Scope and Challenges
Building a task-oriented dialog agent can be seen as a language modeling problem where the input is sentences from a user or customer, and the output is a generated sentence along with any pertinent information required to help the user complete their task. More specifically, the user might desire to find a place to eat, and the job of the agent is to complete a coherent conversation while also finding a restaurant meeting the user’s criteria.
The scope of our project is purely chat based, which is to say we are not planning to build a SDS (spoken dialog system) like Alexa, and so we will not be transcribing speech or generating audio. Additionally, our bot is focused only on task-oriented dialog, and is not geared towards open-domain chit-chat. Even with those limitations, numerous challenges remain.
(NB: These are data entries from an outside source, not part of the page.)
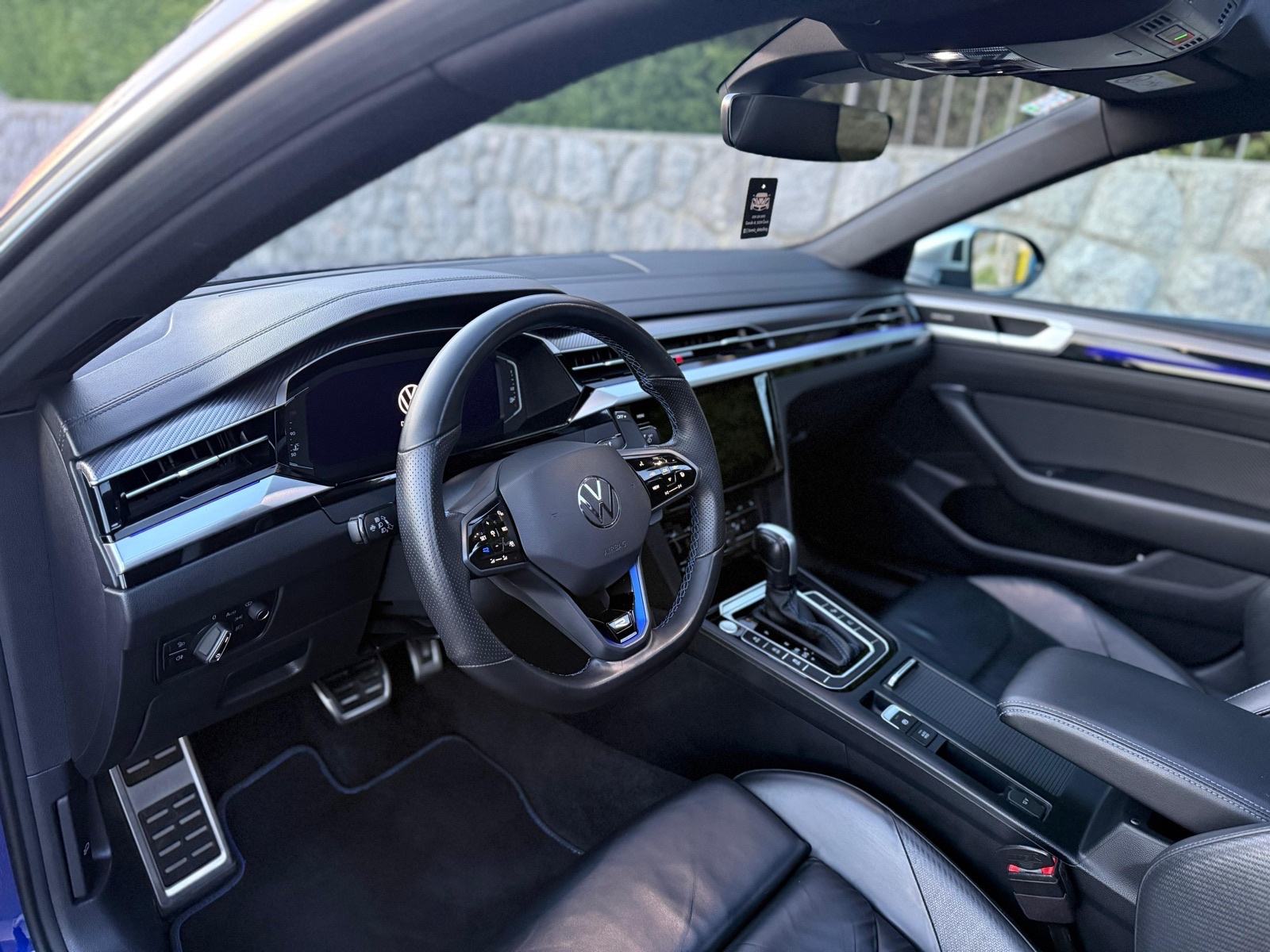 VW Arteon R 2.0 TSI DSG 4MOTION, fotografija 10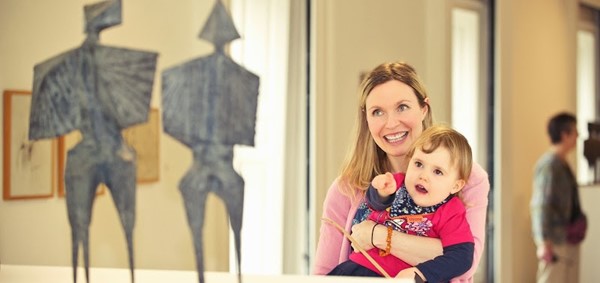 Abbot Hall Art Gallery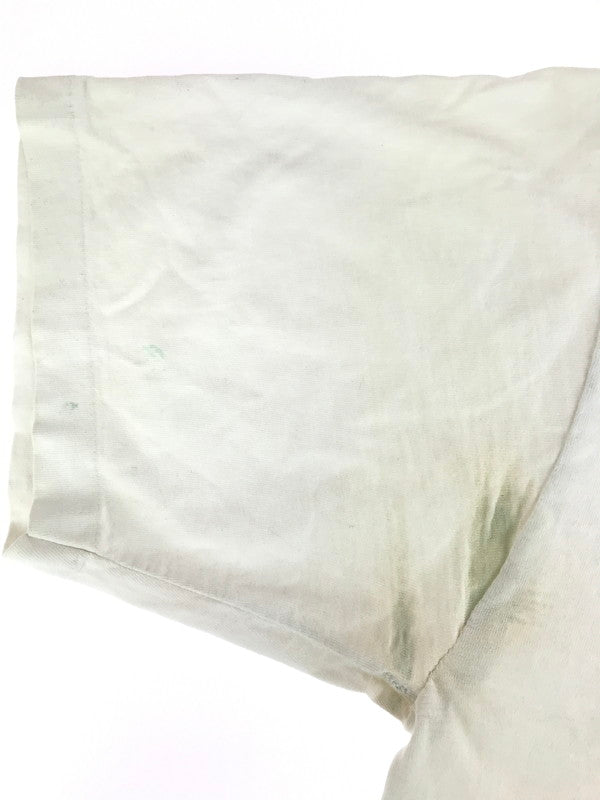 【現状渡し品】【メンズ】 NATIONAL MILLS ナショナルミルズ MARLBORO POCKET TEE マルボロ ポケット Tシャツ 半袖Tシャツ 141-251004-na-01-tag サイズ：XL カラー：ホワイト 万代Net店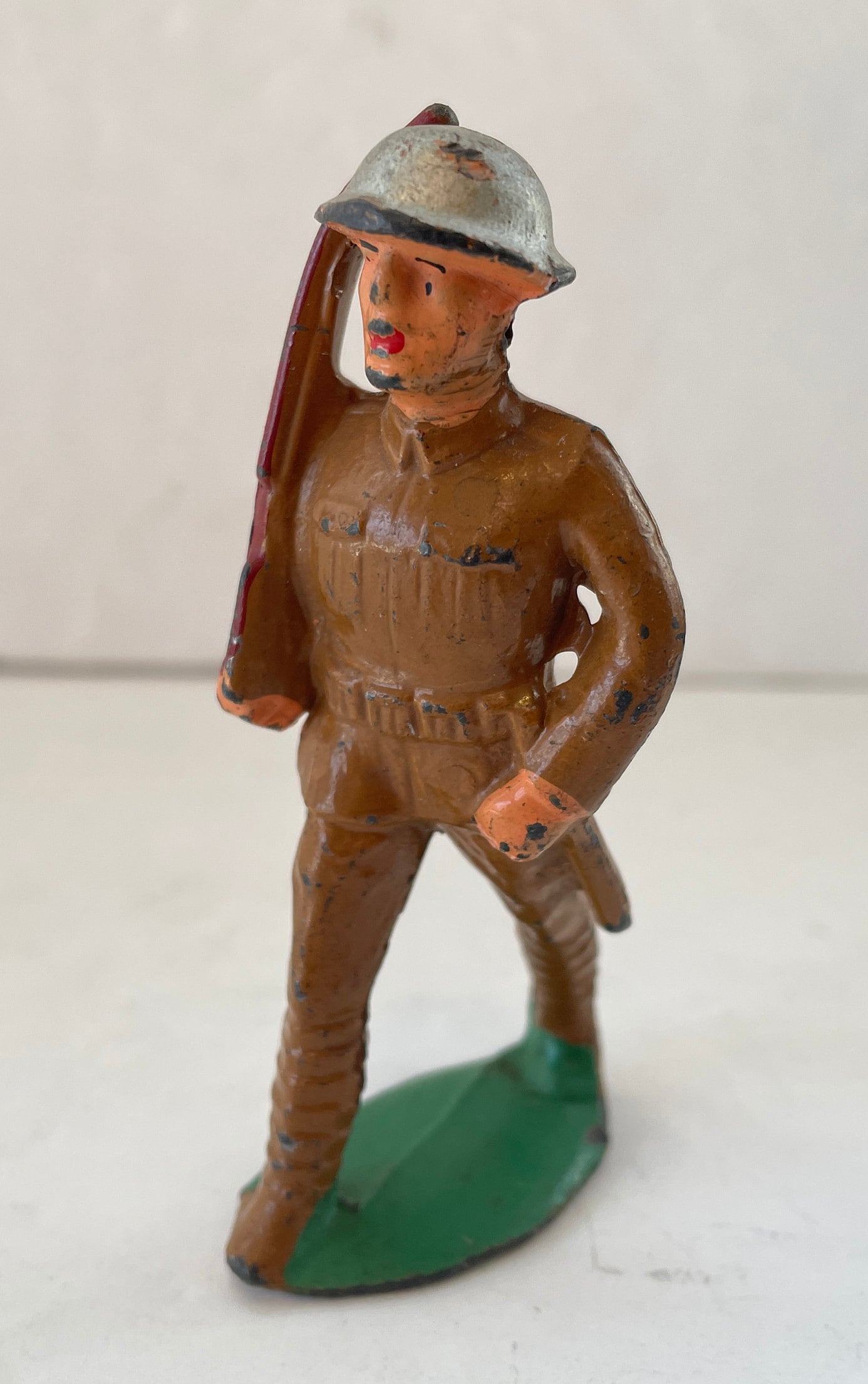 Manoil toy cheap soldiers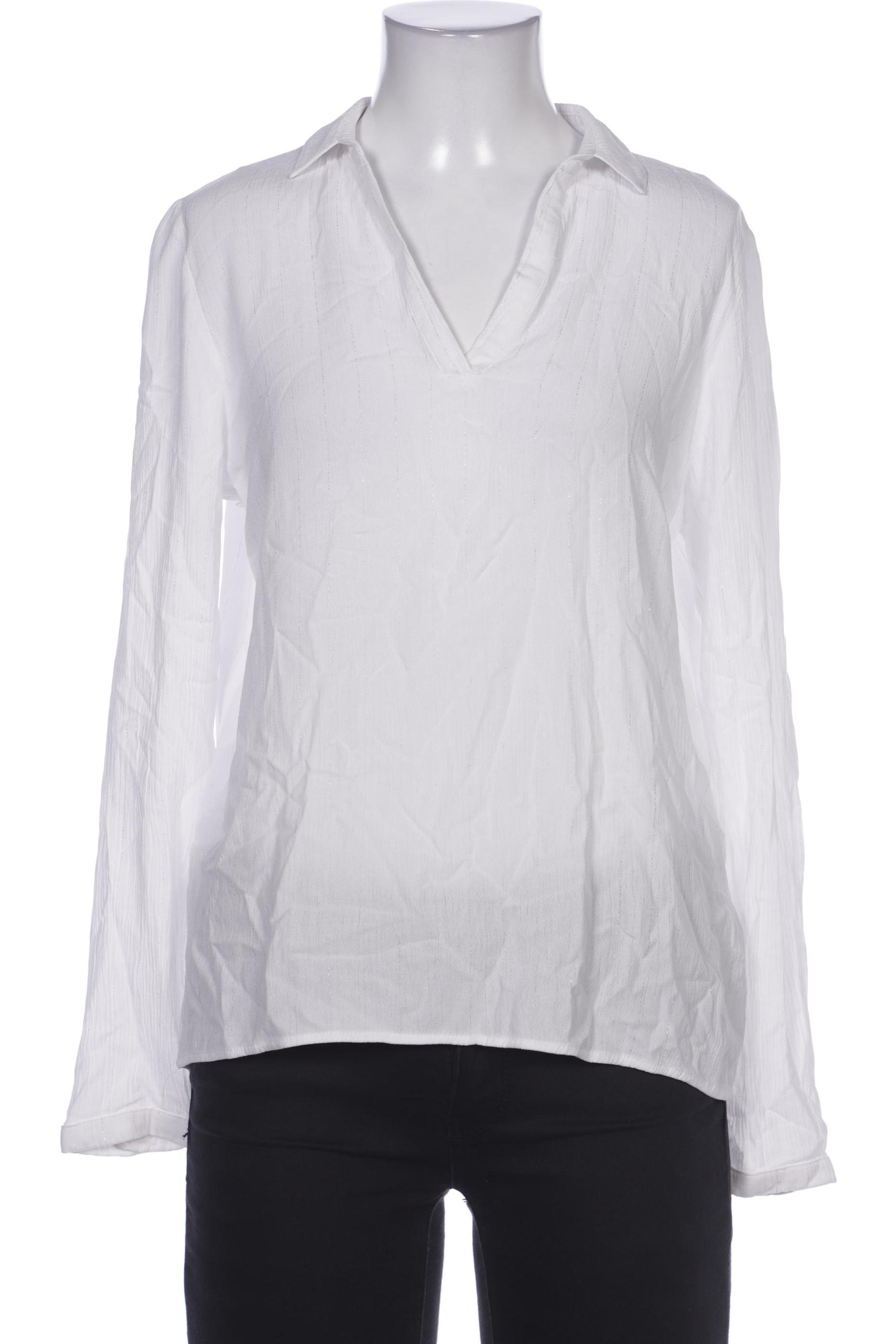 

Zero Damen Bluse, weiß, Gr. 36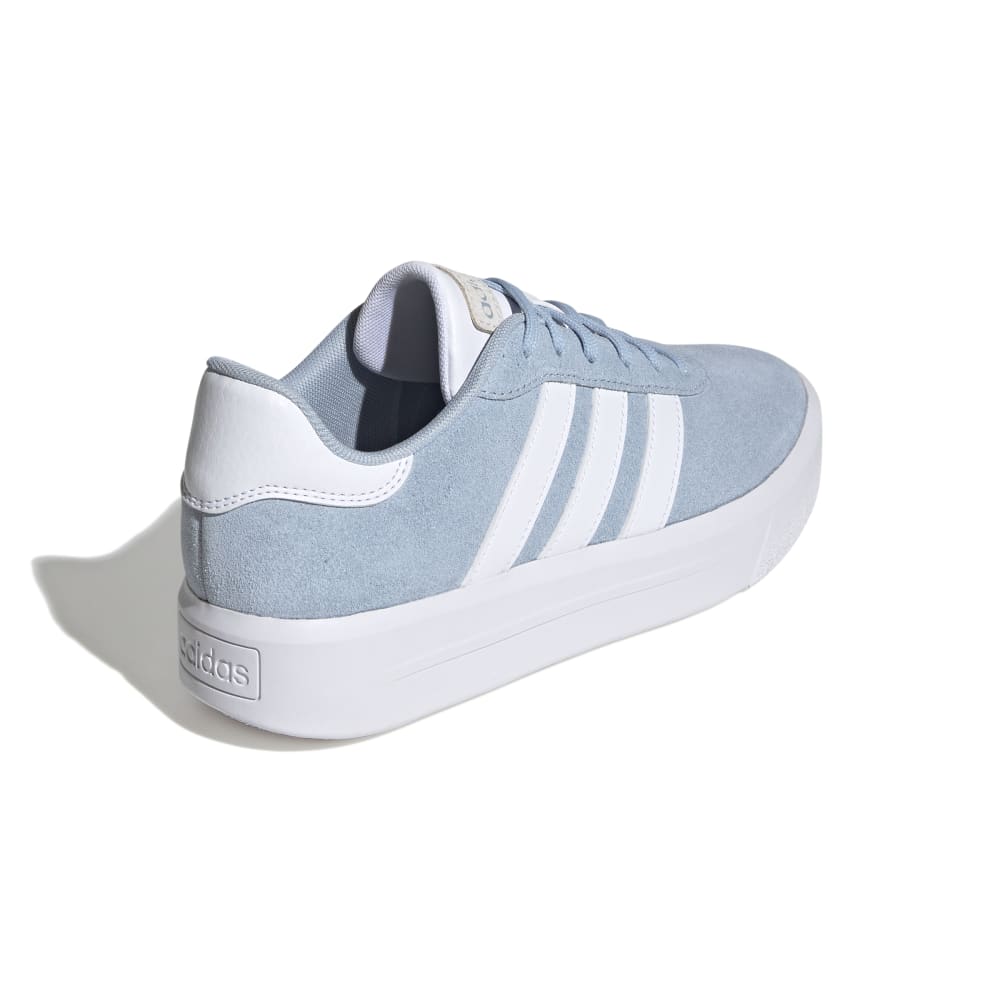 Zapatillas Adidas COURT PLATFORM SUEDE IG8612 Mujer
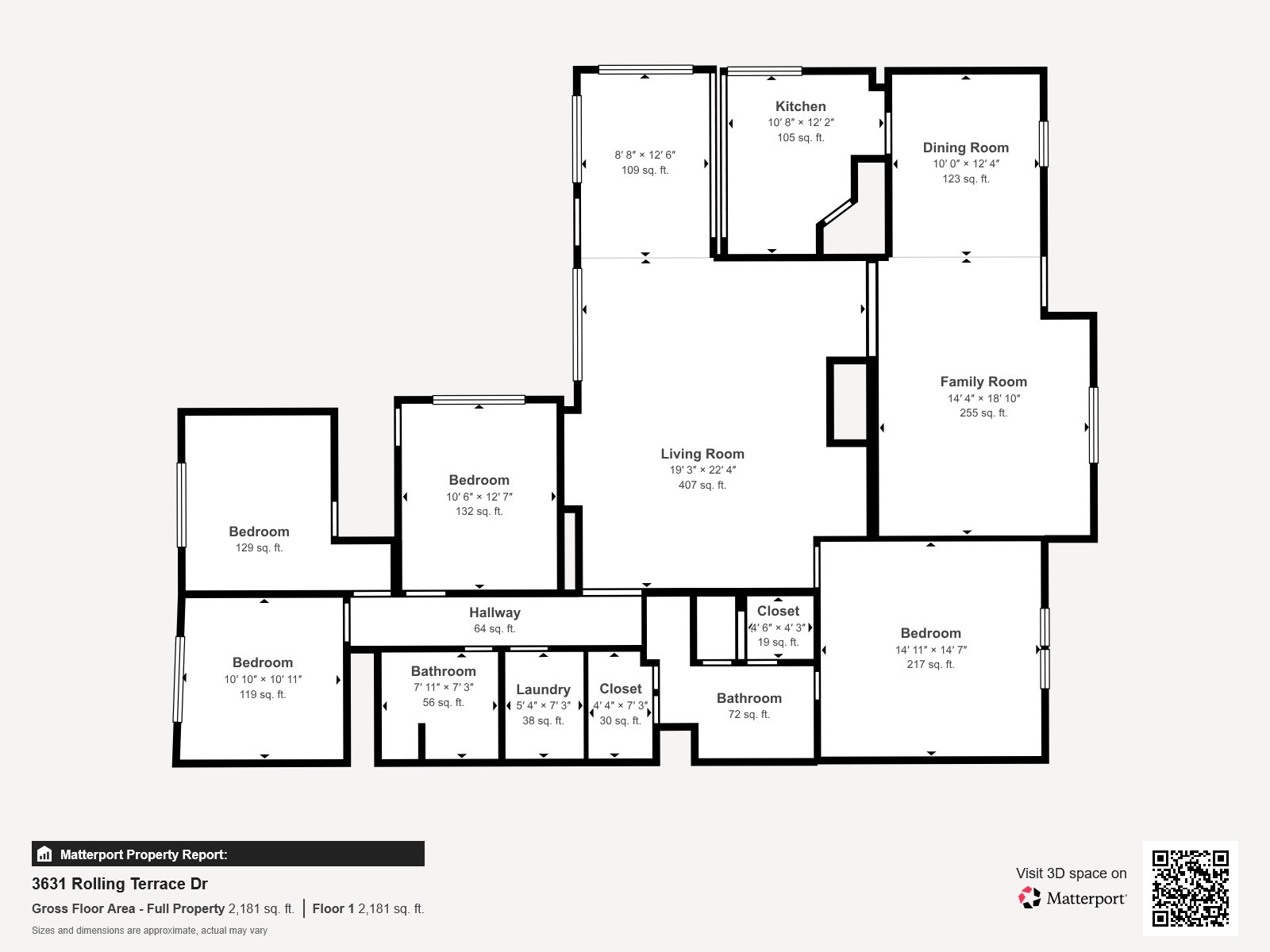 3631 Rolling Terrace Drive Property Photo 47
Concretely, a task-oriented bot will need to process user input, model user intent, query a KB for a desired object, and generate a meaningful, coherent response. Furthermore, the agent should manage to do this across multiple turns, for multiple objects, and possibly while the user changes their mind halfway through the dialog. To address these challenges, we will use RNNs and beam search to generate responses. We also have to model beliefs, which is like the “state” of the user.
For this project, we will be using data from two separate sources. First, we will be working with Task 6 from the BaBI Dialog Dataset, put together by Facebook and described in detail within Learning End-to-End Goal-Oriented Dialog. This data is based off the DSTC2 (Dialog State Tracking Challenge) organized by the University of Cambridge. Second, we will be working with a multi-domain car-related dataset from Stanford NLP group found in Key-Value Retrieval Networks for Task-Oriented Dialogue, created in collaboration with Ford Motor Company. The bAbI dataset employs per-turn accuracy and per-dialog accuracy to gauge progress, while the car dataset relies on Entity F1-score. Additionally, we will also look to word overlap metrics such as BLEU to measure language modeling success. Finally, we plan to randomly sample from various dialogs to perform human evaluation on whether or not a task was successfully completed.
For the baseline and oracle, we randomly selected data from the datasets and set up a program to display dialogs. Then for 50 examples per task, the agent is graded on the per-turn and per-dialog accuracy. We define per-turn accuracy as the number of correct api calls and responses given by the agent, and the per-dialog accuracy as getting all turns correct in an example.
To implement a baseline, we use TF-IDF matching to select a response for a query from a list of 2000+ candidate responses. More specifically, we have set up a pipeline with SK-Learn to vectorize the query, and then select the response with the closest cosine distance.